Kadın kitlelerinin birikmiş öfkesini buluşturacağımız, kitleleri harekete geçirebileceğimiz ilk durağımız 25 Kasım Kadına Yönelik Şiddetle Uluslararası Mücadele Günü. Erkek şiddetinin panzehiri kadınların örgütlü mücadelesi ve özsavunmasıdır. Tam da bu aşamada bize düşen görev ve sorumluluklara kulak vermeliyiz. Örgütlü ve sistematik erkek şiddetini geriletmenin yollarını aramalı, erkek şiddetine mevzi kaybettirecek politikalar üretmeliyiz. Bu geriletmede var olan eylemlere süreklilik kazandırılması önemli yer tutuyor. Erkek şiddetinin kadını sistematik olarak katleden politikasına karşı süreklilikle karşılık vermek, somut hedefler etrafında öfkeyi büyütmek hem kadın özgürlük mücadelesinin hem de demokratik gençlik hareketinin sorumluluğudur. Erkek egemenliğinin ördüğü duvarda açılan gediği, saflaştırmayı derinleştirdiğimiz ve rejime karşı bir mevzi olarak kazandığımız koşulda büyütebiliriz. Dolayısıyla kadın katliamlarına, erkek şiddetine ve kadın cinsine dönük tüm saldırılara karşı kadın kitleleri içerisinde büyüyen öfkeyi ve isyanı süreklileştirecek ve toplumsallaştıracak ajitasyon ve propaganda çalışmalarını örgütlemek; üniversite, lise, KYK yurtlarındaki hareketi ilerletmek, birleşik kadın özgürlük mücadelesi zeminlerini harekete geçirmek, öz savunma pratiklerini geliştirmek önümüzde duruyor.
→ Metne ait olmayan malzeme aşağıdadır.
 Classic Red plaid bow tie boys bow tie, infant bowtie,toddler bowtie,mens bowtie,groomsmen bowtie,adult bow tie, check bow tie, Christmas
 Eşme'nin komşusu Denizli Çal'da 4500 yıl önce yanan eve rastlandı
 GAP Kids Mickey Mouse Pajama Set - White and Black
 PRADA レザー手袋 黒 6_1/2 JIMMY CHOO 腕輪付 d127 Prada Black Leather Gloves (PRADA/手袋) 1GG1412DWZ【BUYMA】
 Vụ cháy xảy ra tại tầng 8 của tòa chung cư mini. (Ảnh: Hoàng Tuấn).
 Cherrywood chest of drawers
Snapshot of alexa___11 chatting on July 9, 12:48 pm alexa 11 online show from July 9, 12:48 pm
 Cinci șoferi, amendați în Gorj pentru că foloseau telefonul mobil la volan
Gelişen genç kadın isyanının toplumsallaştırılması, üniversiteli gençlik ve lise mücadelesinde bir mevzi olarak kazanılması ise yalnızca hareketin kadın bölüklerine bırakılabilecek bir görev değildir. Erkek şiddetine karşı mücadele pratiklerinin geliştirilmesi aynı zamanda genç erkeklerin de görevidir. Erkek şiddetine karşı mücadeleye tutuşarak erkekler, toplumsal erkekliğin çürütücülüğü ile yüzleşmeli, erkek şiddetinin pratiklerinden sıyrılmalıdır. Yalnızca kendisi yüzleşmekle kalmayarak diğer genç erkek kitlelerinin de erkek şiddetine karşı mücadeleyle buluşturulmasına öncülük etmelidir.